Recuerdo que hace años, apenas yo era un chiquillo de doce años, mi abuela me contaba los últimos instantes que pasó con su hija –mi tía- antes de que falleciera a causa del “maldito” aceite de colza. En su relato, repetido con frecuencia, había siempre una pausa justo antes del fatal desenlace y de decir, por vez primera en la narración, que ‘la tía’ había muerto. Recuerdo cómo a mí me cruzaba por el estómago una sensación de vació justo en esos segundos y recuerdo los ojos grisáceos y vidriosos de mi abuela que, poco después, lloraba silenciosa.
¿Y por qué les cuento yo estas cosas? Pues por las sensaciones humanas ante el drama y porque en la noche del miércoles, cuando acudí a ver la última producción de La Machina, volví a sentir aquel vació en mi cuerpo aunque ahora era yo el que lloraba; también en silencio.
De la obra escrita y dirigida por Alberto Iglesias sabía desde tiempo antes de su estreno. Su autor, ilusionado, me habló de este proyecto en algunas ocasiones pero como en la historia de mi abuela no basta con conocer el desenlace de una tragedia para volver a revivirla cuando se presencia. Y empleo el término tragedia robándolo del título que el propio autor propone para su ‘Bebé’, pues es la definición más certera que puede asignarse a esta obra. Drama se le quedaría corto, con obra no tenemos ni para empezar. Es Tragedia y con mayúsculas, con la misma profundidad que las que inauguraron este género en los textos de los autores de la Grecia Clásica. Pero en ésta, más allá del horror de la muerte, tenemos una propuesta tan creíble y real que se sumerge como una cuchillada en el costado de nuestro alma, inmóvil y aturdido desde la butaca. A día de hoy, volver a ver a los clásicos puede resultarnos en ocasiones tragicómico, sin necesidad de recordad ciertas funciones que no hace mucho tuvimos la suerte –o desgracia- de presenciar. Con la de Alberto Iglesias no hay posibilidad de dudar ni por un instante de la eficacia de su texto, hay entregarse a una catarsis pública y enfrentar los miedos propios ante uno de los aspectos más reales de la vida: la muerte.

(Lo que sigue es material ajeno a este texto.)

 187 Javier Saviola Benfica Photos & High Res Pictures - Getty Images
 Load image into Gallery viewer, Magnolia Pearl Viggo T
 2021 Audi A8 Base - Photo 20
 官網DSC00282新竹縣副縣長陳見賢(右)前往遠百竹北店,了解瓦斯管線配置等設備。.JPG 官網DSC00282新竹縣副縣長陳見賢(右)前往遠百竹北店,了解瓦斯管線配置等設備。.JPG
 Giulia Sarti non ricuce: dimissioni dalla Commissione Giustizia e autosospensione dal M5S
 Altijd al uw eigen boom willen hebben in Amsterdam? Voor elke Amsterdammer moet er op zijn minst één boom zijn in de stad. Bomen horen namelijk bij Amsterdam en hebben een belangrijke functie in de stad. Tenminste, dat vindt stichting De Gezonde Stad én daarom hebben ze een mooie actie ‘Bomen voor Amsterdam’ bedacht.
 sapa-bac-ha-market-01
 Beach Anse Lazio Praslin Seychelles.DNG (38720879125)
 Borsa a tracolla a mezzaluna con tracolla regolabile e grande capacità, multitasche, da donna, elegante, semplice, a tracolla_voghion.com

Para lograr tanta emoción Cristina Samaniego y Luis Oyarbide subliman las palabras del texto en un ejercicio escénico impresionante. Desbordan y contienen sus registros en una entrega total a este proyecto. La dirección escénica, también de Alberto Iglesias, les hace ejercitar su voz en infinidad de timbres, hace que sus cuerpos tiemblen y bailen y se detengan sobre un colchón de música con el peso de los clásicos –ahora los de la música- y la modernidad que impone el tratamiento de Ángel de Castro.
Faltan palabras, o tal vez ya estén sobrando. Con el nacimiento –y prematura muerte- de este Bebé asistimos a un capítulo más de la dramaturgia cántabra que no puede quedar en mera anécdota. Este título necesita ser visto y, sobre todo, ser sentido en escenarios de muchas partes. Ya les digo, no es teatro fácil ni de entretenimiento, es teatro que nos pone cara a cara con nosotros mismo y que nos hace sentir... sentir.